If all this strikes you as a set of topics worthy of a day’s discussion, we’re in agreement. We think it is too. And that’s why our new Publishers Launch Conferences partnership with Michael Cader is delivering a day-long event called “eBooks for Everyone Else” in New York (in conjunction with The Center for Publishing at New York University’s School of Continuing and Professional Studies) on Monday, September 26 and in San Francisco (co-located with F+W Media’s new StoryWorld conference) on Wednesday, November 2.

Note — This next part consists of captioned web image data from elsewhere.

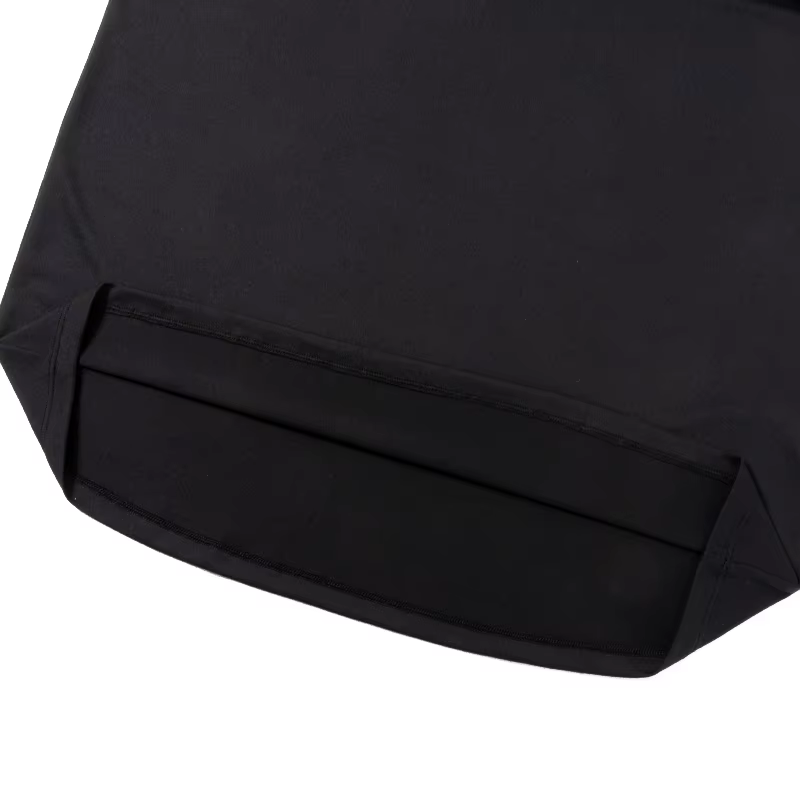 T-shirt Under Armour Tech 2.0 Ss Tee à manches courtes et col rond pour homme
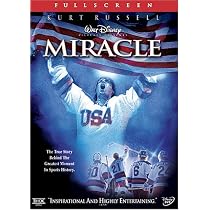 Miracle (Full Screen Edition)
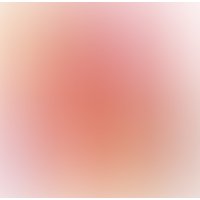 Спрей с феромонами Биоритм Sexy Sweet Fresh Orange с феромонами (10 мл)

Not only do we have an expert-packed lineup to deliver the information, we’ve carved out time for our attendees to get their own specific questions answered by the experts and by the providers of many of the services that are part of the new ecosystem. If the business of ebook publishing is part of your future strategy, you’re bound to get the knowledge and make the connections you need at eBooks for Everyone Else.

Among the leading service providers who will participate in eBooks for Everyone Else in New York and be available for “speed-dating” conversations with attendees are our global sponsors Copyright Clearance Center, Constellation, and Bowker, as well as supporting sponsors Ingram Content Group, INscribe Digital, B&N’s PubIt!, Kobo, and BookBaby. (Kobo and PubIt! will be speaking from the main stage as well.)

Our New York show features an all-star lineup of literary agents including Jane Dystel, Robert Gottlieb, Sloan Harris, and Scott Waxman. We have a distinguished group of publishing veterans — including Jack Perry and David Wilk, Smashwords founder Mark Coker, Renee Register, Iris Blasi, Rich Fahle, Ron Martinez, and Joshua Tallent — who will present advice and insight to help you develop a comprehensive ebook strategy. Most of them will be available at the breaks and alongside the speed-dating sessions to lead small group discussions and answer your questions about creating, marketing, and distributing your ebooks. (The San Francisco roster is slightly different, but just as powerful.)

Michael Cader and I will be moderating all the day’s activities, asking questions, and helping to put an enormous volume of facts into a strategic context for an audience with a staggering array of choices as to how to proceed with ebook publishing.